The cast features Megan Blakeley, Joanna Churgin, Raymond Donahey, Scott Gerard, Ellie Jepperson, Jeffrey McCrann, David Narloch, Taylor Pyles and Don Warburton. Each of these actors is to be commended for their boundless energy and great skill at physical humor, especially with all the dual-level entrances and exits at breakneck speed. Timing is everything in a farce and this cast, thanks to the brilliant direction by William Wilday, never misses a beat – even when we were supposed to think they have.
Act one takes place onstage at the final dress rehearsal of “Nothing’s On” and the cast is hopelessly unready. Baffled by entrances and exits, missed cues, missed lines, and bothersome props including several plates of sardines, they continually stop to ask the frustrated director (Raymond Donahey) for assistance even though it is after midnight with the show opening that evening.
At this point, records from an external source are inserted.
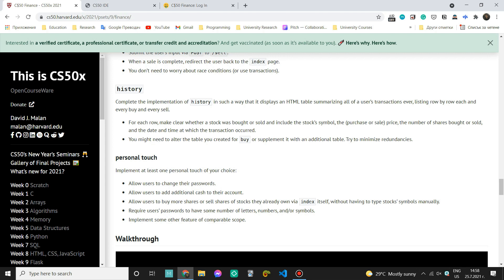Hi and welcome to the next part of CS50 Finance. Today we are going to work on the history section which is a pretty short and easy page to implement. So let's first read what we are supposed to do.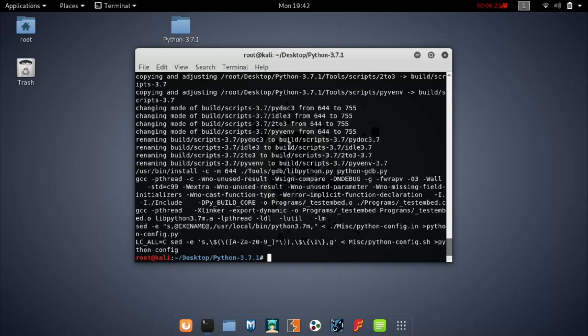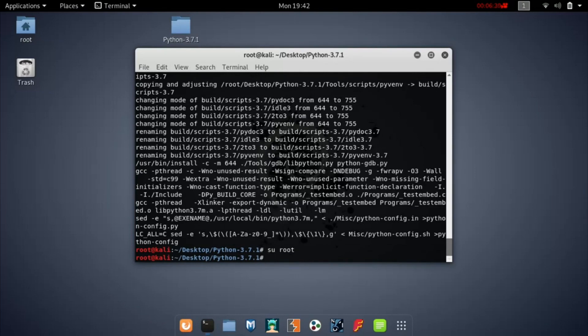Once that's done, type su root, and after that type make install.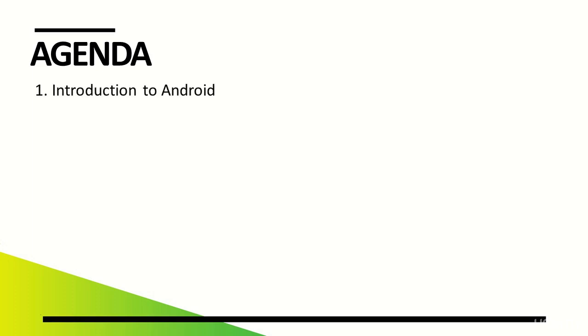Now, let's take a look at the topics to be discussed in the basic course on Android Studio. We'll start by learning more about the Android system itself.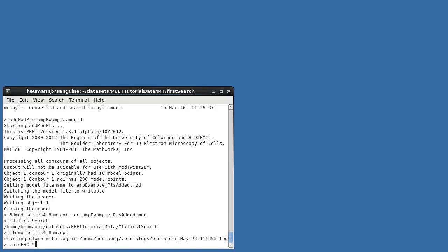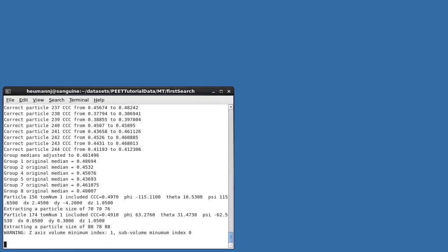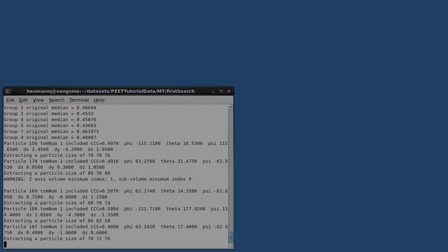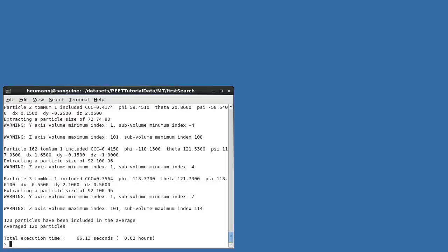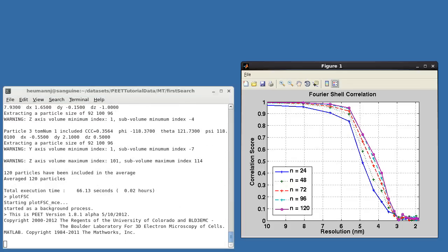As before, we can run CalcFSC and then PlotFSC to get an estimate of the resolution achieved, and you'll see that we have a resolution of approximately 4.2 nanometers at the 50% response point.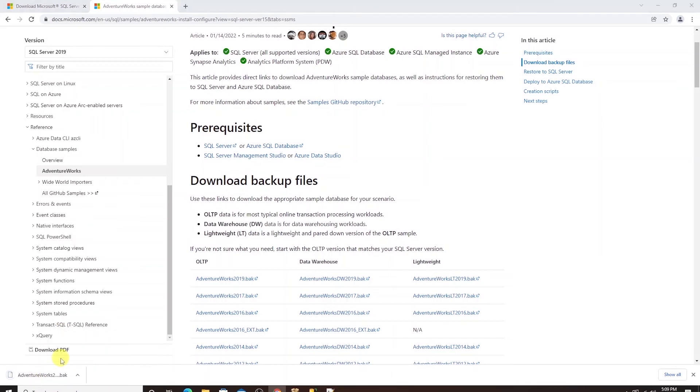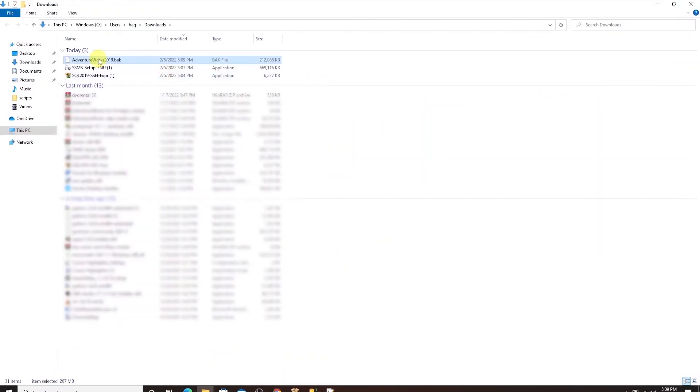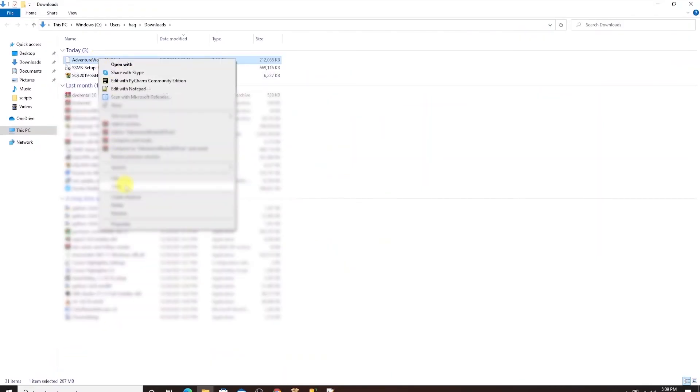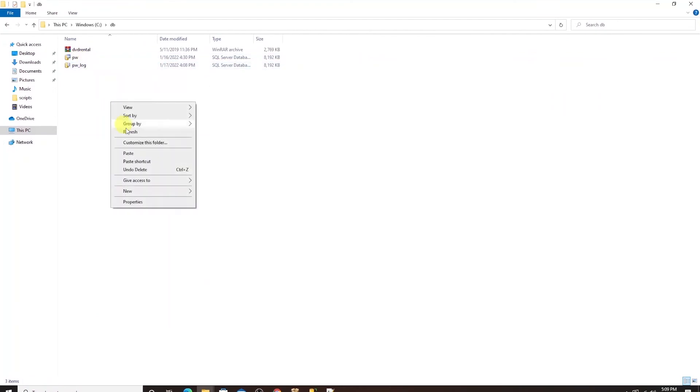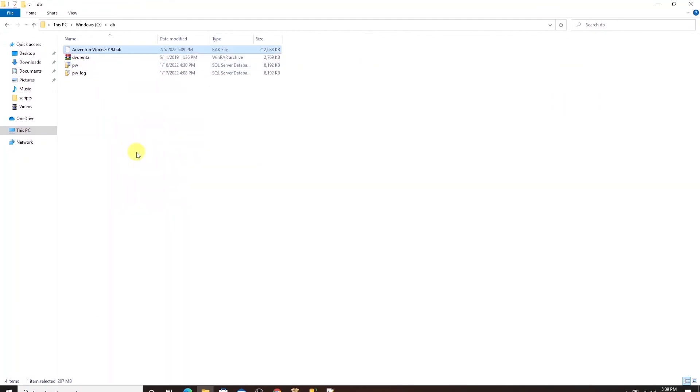So all we need to do is restore this. I'll open the download location and copy this over to C drive.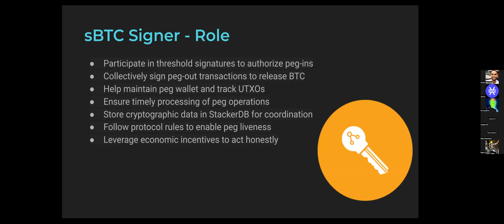We also talked about the SBTC signer role. These signers are the stackers participating in the Proof of Transfer stacking process to earn bitcoin, and that bitcoin reward is what economically incentivizes them to honestly process peg-ins and peg-outs. They track the UTXOs that should be sent back to users upon a peg-out request, and they use StackerDB to coordinate — which is the main topic for today.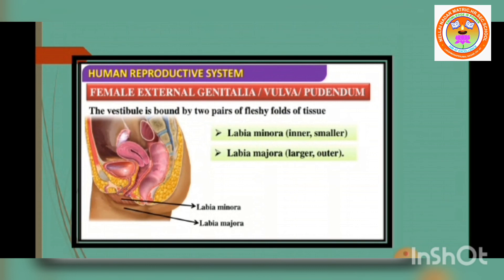So far we have discussed the primary sex organ in the female reproductive system. The accessory glands and mammary gland will be discussed in the next session. Thank you.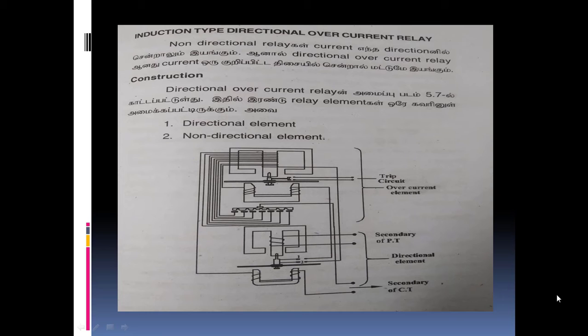Types of protection: primary protection, backup protection, relay protection. Relay characteristics: instantaneous characteristics, inverse time characteristics, definite time lag, inverse definite minimum time relay. Relay timing — that is correct.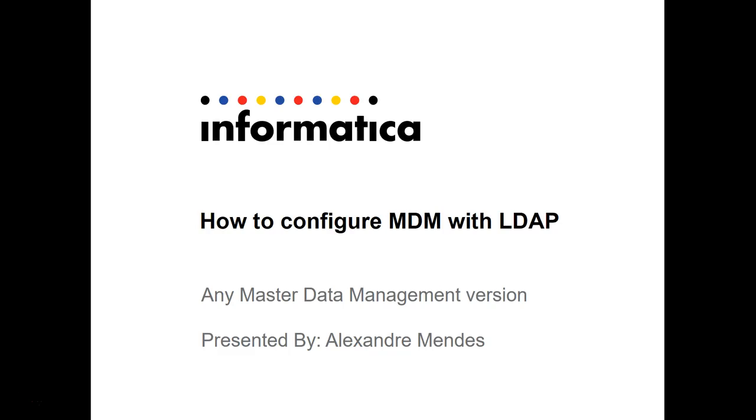Hello everyone, my name is Alexander Mendez and today I'm going to show you how to configure master data management with an LDAP.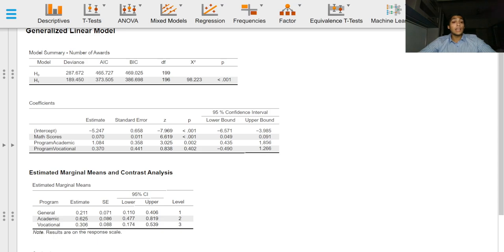The indicator variable vocational program is the expected difference in log count which is 0.37 between the vocational program and the reference class, the general program.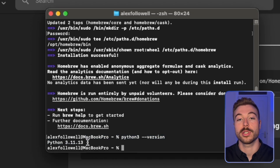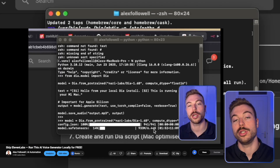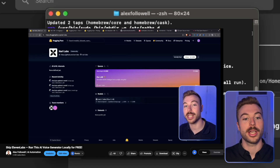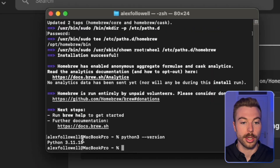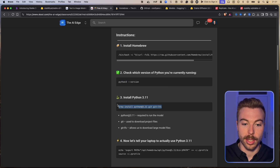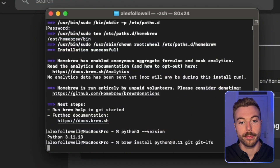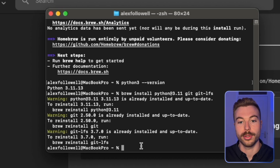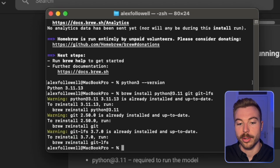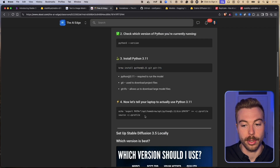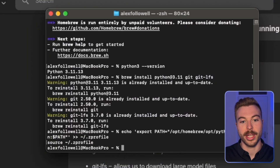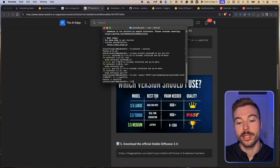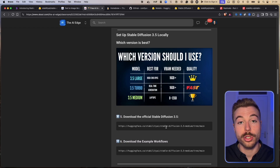Some other tools require Python 3.10, but for this we need Python 3.11 — so we're good to go. If you haven't installed it, copy the brew install command, paste it in the terminal, and it will go through the installation process. Next, tell your laptop to use that version of Python by copying and pasting the next command — you won't get a response back, and that's absolutely fine.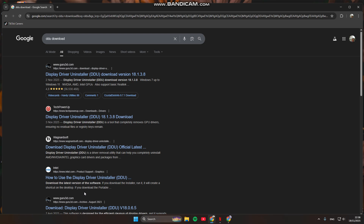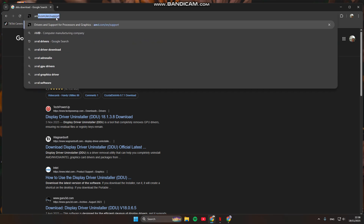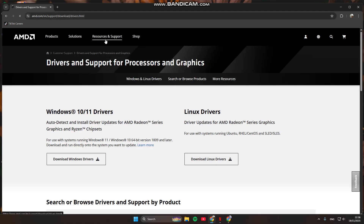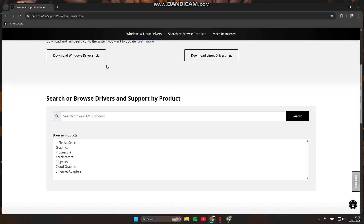Now you can reinstall the AMD Adrenaline driver the right way. Go to amd.com, navigate to Resources and Support, then enter your GPU model and download the latest Adrenaline version. Install it normally — because if you pick the wrong GPU model, error 207 will definitely show up.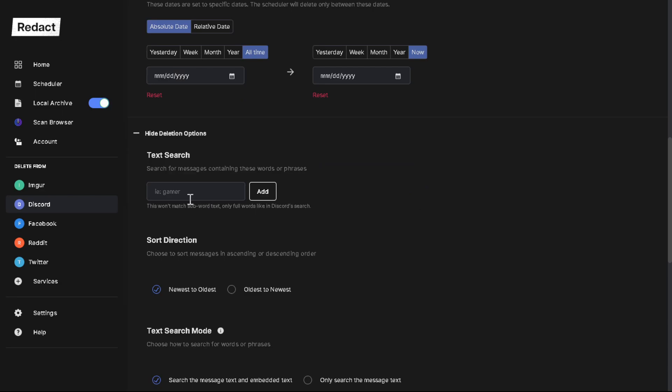Scroll down and you can get to the text search. So if you want to remove content based on a word - anytime a specific word was mentioned, you want to remove all that content - you can do that. You can add multiple words here, not just one. You just type in a word, add it. Type in a word, add it. You can add as many words as you want.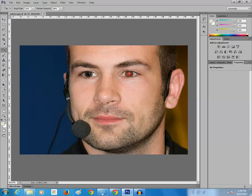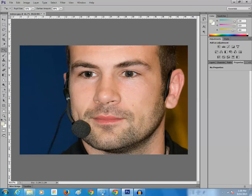What it does is it will remove the red spot from the pupil. Here also I will just hold and drag and make a box and leave it. Now you can see the red spot from the pupil has been removed. In this way you can easily remove the red spot from the pupil of an eye by using Photoshop.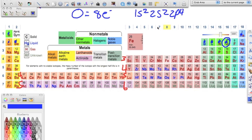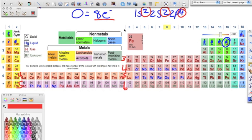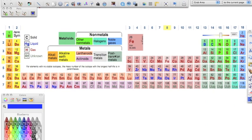To check ourselves, we look at the superscripts — those are the electron counts. Adding them up: 2 + 2 = 4, plus 4 = 8. Oxygen has eight electrons, so we did it correctly. Now let's do the electron configuration for bromine, which has 35 electrons.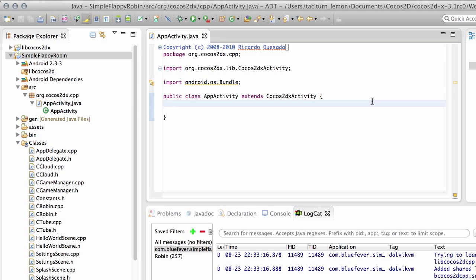Hello and welcome to the 22nd, I think, video in this series making a simple Flappy Robin for Android using Cocos2DX version 3. As I've explained in the last couple of videos, time is very tight unfortunately these months, so it's been a while since I've done the last video.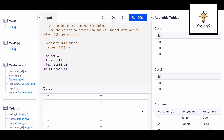Welcome back to another video on crack concepts. In today's video we will be solving a very important SQL joins interview question. Whether you are a beginner, intermediate, or advanced level, fresher or experienced, you need to know the answer to this question because it is very commonly asked. The question tests your knowledge on how much you understand joins.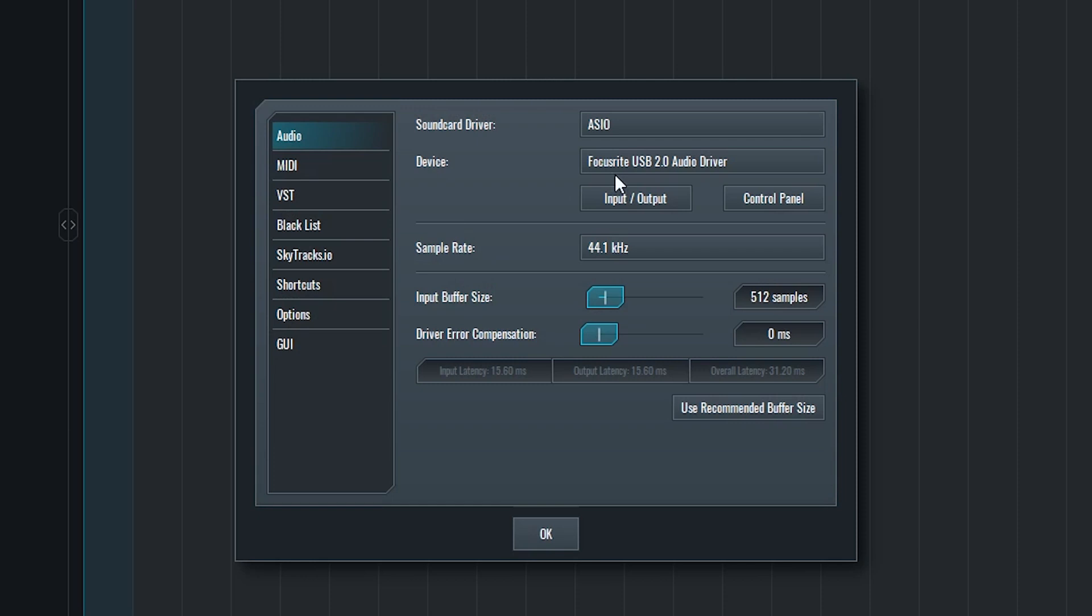One thing we need to know about Soundbridge compared to some other digital audio workstations is that the application takes exclusive control over the audio interface. This means that to get the audio interface to work properly, we need to close any other programs in our system that can also try and use it. Once Soundbridge has control over the interface, no other programs will be able to play sound.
During the first intermission, the entire set is turned completely around, and in Act Two we see the performance a month later uniquely from backstage, which gives the audience a glimpse into the offstage shenanigans as well as the onstage bedlam. Director William Wilday’s double-sided, double-level set is marvelously functional with actors constantly running up and down stairs, slamming doors, and grabbing props hanging backstage which we recognize from watching the final dress rehearsal onstage in the first act.
During the second intermission leading into Act Three, the set is again turned around so we see a performance onstage near the end of the fictional tenweek run when personal friction has continued to increase. So in essence, “Nothing On” is staged three times with each performance sinking lower into the depths of a staged nightmare generating laughs galore. As the shenanigans mount and the play begins to unravel, it is the actors, each one of them incredibly physically agile, who make this farce come alive.
Joanna Churgin’s English manor maid Dotty is scatteredbrained but good-hearted. Dotty is an investor in the show and the most seasoned of the performers, but if she cannot remember what she needs to do onstage, the play will fall apart. Churgin is a wonder as the action progresses as misplaced props lead her to take the plot of the play into her own hands while attempting to deal with an ax, bucket and mop, whiskey bottle, telephone receiver, newspaper, or several plates of sardines needing to be taken off or onstage at specific times, the order of which she cannot seem to remember. And when she realizes another cast member if after her man, all I can say is watch out!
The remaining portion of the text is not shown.